В сопровождении послушника, 25-летнего парня в клетчатой рубахе, мы обошли все восстанавливаемые помещения монастыря, лишь два года назад переданного братии, состоящей из трех человек. Третьего дня как была Троица, и стертые известняковые плиты в галерее и молельных были устланы березовыми ветками. Мрачная сырость необжитых помещений призывала к молчанию. Всюду были видны следы запустения: почти полностью облетевшие фрески, рассохшийся кленовый иконостас с двумя-тремя чудом сохранившимися иконами, закоптелые потолки.
Послушник, будущий монах, рассказывал о древних фресках, найденных под нынешними, о том, что дешевле сделать новый иконостас, чем ремонтировать старый, об истории создания монастыря и многом другом.

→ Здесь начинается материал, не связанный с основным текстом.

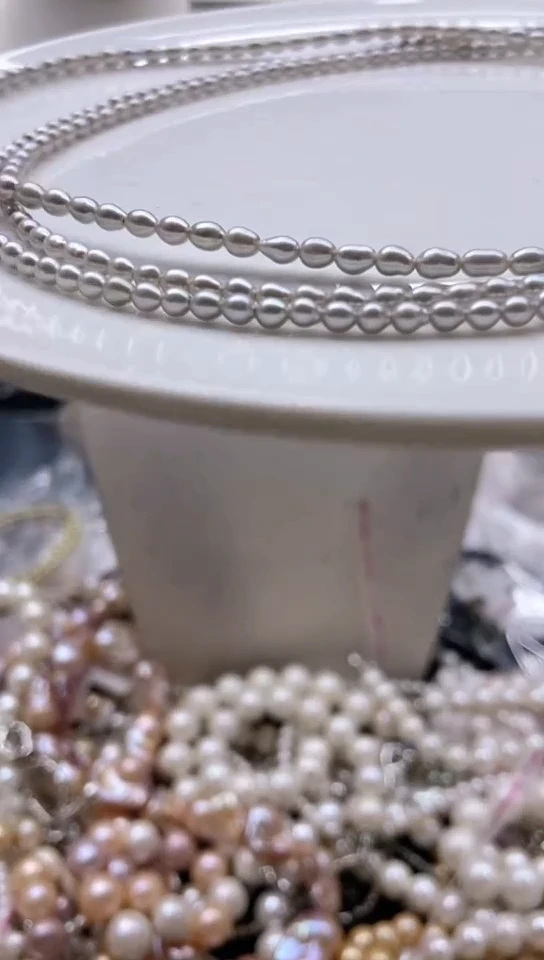 颈饰未镶嵌淡水珍珠1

Я приотстал, дожидаясь, когда он закроет за нами дверь, и спросил:
— Чем вас привлекает такая жизнь?
— Духовностью,— кратко ответил крепко сложенный послушник тихим голосом и добавил: — И дело не только в монастыре. Я — коренной москвич. Окончил художественное училище. Отец бросил мать, когда мне было три года. Мы очень трудно жили, очень. Я, как мог, помогал матушке, но она, видимо, надорвалась в этой безжалостной жизни. Похоронил я ее годназад. Приехал сюда. Москва — это бедлам. В Угличе простые, отзывчивые люди, чистые отношения между ними в маленьком городке с обилием святых мест.
— Вы будете монахом?
— Да, если выдержу послушничество. Меня настолько отвратила от мирской жизни нравственная ее грязь, что это затворничество кажется мне благом.
— Но вы, наверное, помните сказку об усталом работнике, мечтавшем без движений пролежать хотя бы сутки и проигравшем спор с хозяином?
Он посмотрел на меня с нескрываемым сожалением и, как мне показалось, брезгливостью, будто я в белых штанах сел в решето с малиной. Мне стало стыдно и одновременно радостно, что есть еще сегодня в нашей меркантильно прожженной жизни нечто нравственное, непостижимое обычному сознанию.
Только мы взошли на теплоход, как разразилась сильнейшая гроза, после которой стало гораздо легче дышать.